Single by Kingswood

from the album After Hours, Close to Dawn
- Released: 12 October 2016
- Recorded: Nashville
- Length: 3:46
- Label: Dew Process
- Songwriter: Alex Laska

Kingswood singles chronology
| "Micro Wars" (2014) | "Creepin'" (2016) | "Golden" (2017) |

Music video
- "Creepin'" on YouTube

= Creepin' (Kingswood song) =

"Creepin'" is a song by Australian alternative rock band Kingswood and released on 12 October 2016 is the lead single from their second studio album, After Hours, Close to Dawn.
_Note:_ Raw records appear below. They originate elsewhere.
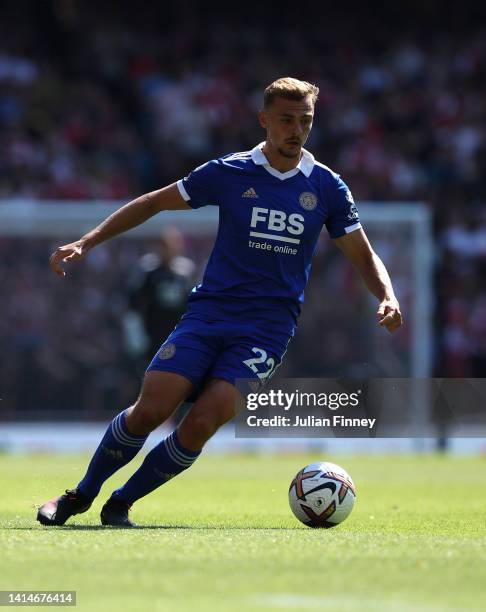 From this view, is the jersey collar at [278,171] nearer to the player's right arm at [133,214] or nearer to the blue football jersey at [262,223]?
the blue football jersey at [262,223]

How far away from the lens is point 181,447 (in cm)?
754

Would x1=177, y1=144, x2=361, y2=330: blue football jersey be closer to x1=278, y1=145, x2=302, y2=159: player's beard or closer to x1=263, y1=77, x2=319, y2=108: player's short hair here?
x1=278, y1=145, x2=302, y2=159: player's beard

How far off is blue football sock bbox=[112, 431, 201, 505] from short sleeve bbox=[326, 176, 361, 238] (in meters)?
1.51

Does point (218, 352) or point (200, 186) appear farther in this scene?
point (200, 186)

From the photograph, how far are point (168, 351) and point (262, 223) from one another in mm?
885

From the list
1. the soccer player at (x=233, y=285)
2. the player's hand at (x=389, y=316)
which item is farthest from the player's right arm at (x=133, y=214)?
the player's hand at (x=389, y=316)

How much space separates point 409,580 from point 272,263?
268cm

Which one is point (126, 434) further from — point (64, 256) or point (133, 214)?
point (133, 214)

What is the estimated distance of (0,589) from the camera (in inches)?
207

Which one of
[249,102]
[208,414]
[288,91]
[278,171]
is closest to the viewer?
[208,414]

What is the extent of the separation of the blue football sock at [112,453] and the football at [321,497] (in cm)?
94

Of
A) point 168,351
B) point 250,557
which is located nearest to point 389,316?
point 168,351

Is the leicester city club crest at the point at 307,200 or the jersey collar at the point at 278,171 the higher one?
the jersey collar at the point at 278,171

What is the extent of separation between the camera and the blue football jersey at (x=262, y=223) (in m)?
7.77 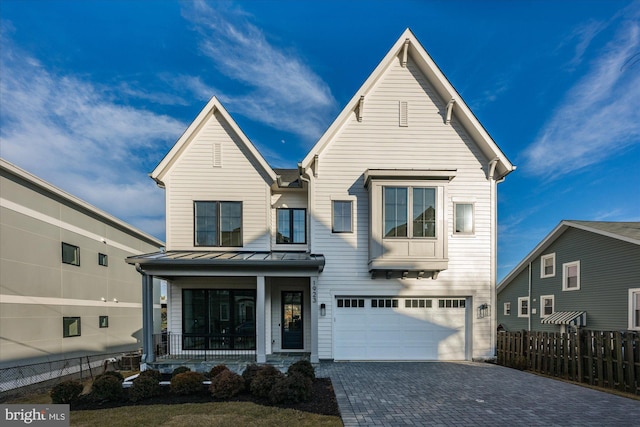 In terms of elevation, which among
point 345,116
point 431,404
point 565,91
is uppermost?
point 565,91

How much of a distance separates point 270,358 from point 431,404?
5502 millimetres

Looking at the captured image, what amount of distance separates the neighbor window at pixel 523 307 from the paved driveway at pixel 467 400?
12.1 m

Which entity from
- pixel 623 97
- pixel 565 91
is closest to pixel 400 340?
pixel 623 97

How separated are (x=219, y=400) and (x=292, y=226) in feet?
21.9

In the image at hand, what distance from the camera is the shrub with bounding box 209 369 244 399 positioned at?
6816 millimetres

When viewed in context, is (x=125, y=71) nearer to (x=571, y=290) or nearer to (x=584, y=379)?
(x=584, y=379)

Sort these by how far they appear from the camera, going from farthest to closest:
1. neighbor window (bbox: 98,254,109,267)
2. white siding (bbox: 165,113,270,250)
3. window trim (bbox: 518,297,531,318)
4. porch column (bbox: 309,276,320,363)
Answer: window trim (bbox: 518,297,531,318) < neighbor window (bbox: 98,254,109,267) < white siding (bbox: 165,113,270,250) < porch column (bbox: 309,276,320,363)

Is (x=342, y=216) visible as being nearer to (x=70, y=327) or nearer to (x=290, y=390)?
(x=290, y=390)

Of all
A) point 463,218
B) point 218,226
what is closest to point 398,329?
point 463,218

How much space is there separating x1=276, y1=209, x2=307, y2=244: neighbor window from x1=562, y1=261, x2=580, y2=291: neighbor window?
45.5 feet

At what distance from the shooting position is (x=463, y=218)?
36.9ft

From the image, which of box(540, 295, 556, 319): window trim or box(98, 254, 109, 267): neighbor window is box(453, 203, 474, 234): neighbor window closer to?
box(540, 295, 556, 319): window trim

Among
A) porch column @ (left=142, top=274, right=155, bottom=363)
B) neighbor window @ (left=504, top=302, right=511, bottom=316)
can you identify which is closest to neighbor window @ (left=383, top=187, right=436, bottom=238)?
porch column @ (left=142, top=274, right=155, bottom=363)

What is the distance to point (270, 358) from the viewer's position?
403 inches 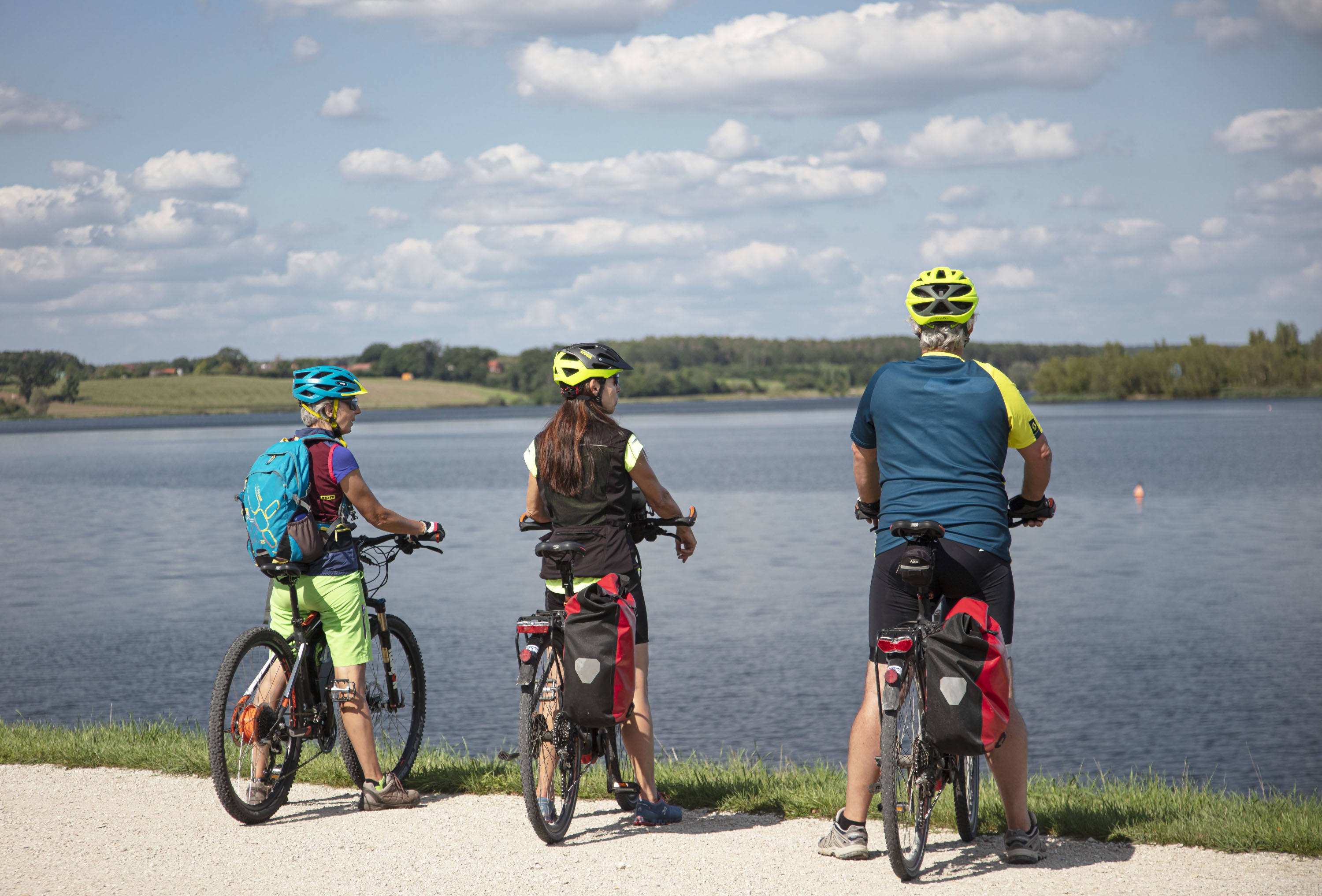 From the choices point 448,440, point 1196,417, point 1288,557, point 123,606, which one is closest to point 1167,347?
point 1196,417

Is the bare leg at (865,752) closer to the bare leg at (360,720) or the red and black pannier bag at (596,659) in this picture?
the red and black pannier bag at (596,659)

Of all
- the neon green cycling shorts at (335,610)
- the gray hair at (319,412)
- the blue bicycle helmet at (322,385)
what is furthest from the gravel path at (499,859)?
the blue bicycle helmet at (322,385)

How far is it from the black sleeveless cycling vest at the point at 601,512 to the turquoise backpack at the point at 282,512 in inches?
44.0

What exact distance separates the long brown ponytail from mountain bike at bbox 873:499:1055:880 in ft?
4.29

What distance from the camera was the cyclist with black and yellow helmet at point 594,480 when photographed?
5145mm

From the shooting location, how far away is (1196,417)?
110000mm

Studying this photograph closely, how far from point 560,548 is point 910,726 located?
1.57 meters

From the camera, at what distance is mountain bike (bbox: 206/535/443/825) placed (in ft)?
17.5

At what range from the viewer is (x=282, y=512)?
5.48 metres

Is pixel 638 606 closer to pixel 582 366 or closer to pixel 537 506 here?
pixel 537 506

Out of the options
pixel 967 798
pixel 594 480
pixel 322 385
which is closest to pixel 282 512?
pixel 322 385

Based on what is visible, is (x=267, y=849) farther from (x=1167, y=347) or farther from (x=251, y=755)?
(x=1167, y=347)

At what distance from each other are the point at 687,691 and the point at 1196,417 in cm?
10750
The song was certified gold in Australia in 2025.

When asked about the themes behind the song, vocalist Fergus Lunacre told Triple J "it's about that little dark voice inside your head… Because we're all creeps."

The song was voted in at number 48 on the Triple J Hottest 100, 2016.

At the APRA Music Awards of 2018, the song was nominated for Rock Work of the Year.

==Reception==
AM Rap via Community Broadcasting Association of Australia said "The track lures you in with its opening, soothing, psychedelic guitar notes and Fergus Linacre's tender, soulful vocals, before its jaws close down around you in the form of thunderous drum rolls and a crunching, stadium-sized bass line."

Zanda Wilson from Music Feeds said "The new track is a slow burner that builds as the lyrics profess the desire for a forbidden and unobtainable love. Moody guitar builds to a harder, grungy riff which peaks in a raucous guitar solo right in the tune's mid section."

==Music video==
The music video was direct by Alex Laksa and features Mietta Gornall, Olivia Paine, Kristy Lee Donovan, Georgia Taylor and Kalman Warhaft.

==Certifications==

| Region | Certification | Certified units/sales |
| Australia (ARIA) | Gold | 35,000^{‡} |
^{‡} Sales+streaming figures based on certification alone.